Uno de cada tres hogares no llega a fin de mes, justo cuando el dólar mayorista se mueve en mínimos de seis meses. Esa foto resume bastante bien la economía de hoy: entran más divisas y el Gobierno gana aire en el frente cambiario, pero el alivio todavía no baja con claridad al bolsillo.
En el mercado creen que el tipo de cambio puede seguir contenido durante las próximas semanas. El dólar oficial mayorista operó en torno a los $1.364, mientras el Banco Central ya acumula compras por u$s5.718 millones en lo que va del año. A eso se suma una expectativa muy concreta para el segundo trimestre: entre abril y junio, la City espera que el agro liquide entre u$s8.000 millones y u$s10.000 millones.
Ese flujo no se explica solo por la cosecha.

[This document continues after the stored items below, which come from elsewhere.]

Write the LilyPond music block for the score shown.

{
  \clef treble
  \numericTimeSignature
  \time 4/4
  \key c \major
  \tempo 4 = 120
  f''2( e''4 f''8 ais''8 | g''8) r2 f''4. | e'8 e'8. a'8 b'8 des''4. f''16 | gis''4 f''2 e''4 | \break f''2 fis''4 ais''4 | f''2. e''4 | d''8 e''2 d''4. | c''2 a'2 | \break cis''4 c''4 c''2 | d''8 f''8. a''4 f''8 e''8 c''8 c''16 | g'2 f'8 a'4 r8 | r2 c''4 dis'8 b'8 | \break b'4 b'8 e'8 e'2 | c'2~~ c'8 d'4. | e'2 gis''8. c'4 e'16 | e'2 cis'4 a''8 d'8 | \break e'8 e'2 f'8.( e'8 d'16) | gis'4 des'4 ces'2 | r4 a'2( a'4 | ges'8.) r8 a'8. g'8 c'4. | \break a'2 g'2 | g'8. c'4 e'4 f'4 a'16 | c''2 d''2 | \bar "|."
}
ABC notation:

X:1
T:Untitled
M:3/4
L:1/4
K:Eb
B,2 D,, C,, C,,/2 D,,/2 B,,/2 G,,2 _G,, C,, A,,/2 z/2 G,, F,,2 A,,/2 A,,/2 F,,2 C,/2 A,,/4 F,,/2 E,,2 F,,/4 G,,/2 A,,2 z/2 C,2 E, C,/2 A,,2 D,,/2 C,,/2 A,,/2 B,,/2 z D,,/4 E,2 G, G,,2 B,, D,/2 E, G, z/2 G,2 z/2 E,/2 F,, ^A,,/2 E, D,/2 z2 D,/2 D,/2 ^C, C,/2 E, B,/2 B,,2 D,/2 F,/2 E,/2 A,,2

El Gobierno también apuesta a que Vaca Muerta toque este año el millón de barriles diarios de producción, y proyecta que energía y minería alcancen una balanza comercial conjunta de u$s60.000 millones hacia 2030. Son dos apuestas centrales para reforzar la oferta de dólares y sostener la estabilidad cambiaria sin sobresaltos.
Pero esa estrategia tiene una contracara cada vez más visible. Después del 3,4% de inflación de marzo, el debate por el atraso cambiario volvió con fuerza. La economía argentina se encareció 14,3% en dólares en el primer trimestre, una combinación de inflación todavía alta y un tipo de cambio que bajó 4,2% en el mismo período.
Ese encarecimiento reabrió la discusión sobre competitividad, sobre todo en sectores productivos y exportadores. También ayuda a explicar por qué el Gobierno acelera una reforma tributaria que promete bajar Ganancias, retenciones, impuesto al cheque, IVA e Ingresos Brutos, con la idea de aliviar costos sin tocar el ancla cambiaria. Por ahora, igual, se trata de un proyecto que todavía debe llegar al Congreso.
La atención ahora pasa a abril. Tanto Milei como Caputo insistieron en que la inflación va a empezar a ceder y las consultoras privadas ya la ubican, por ahora, en una zona de 2,3% a 2,4%. Ese cálculo se apoya en el congelamiento de combustibles y en una menor presión de algunos rubros que habían empujado fuerte en marzo, como educación y carne.
El problema es que en la calle el margen ya es mínimo. El Índice del Argentino de a Pie de Focus Market ubicó a la economía familiar en una zona de "tensión contenida", con 61,8 puntos, y mostró dos datos especialmente incómodos: el 31,6% de los hogares no llega a fin de mes y el 14% ya redujo cantidad o calidad de alimentos. Esa es hoy la otra cara del dólar bajo: la macro gana aire, pero el consumo y el poder de compra todavía no muestran alivio real.
En síntesis, el Gobierno gana margen con más dólares y un tipo de cambio contenido, pero el verdadero examen sigue estando en el bolsillo. La pregunta de abril ya no es solo si la inflación baja, sino si esa mejora empieza a sentirse de verdad en la economía de todos los días.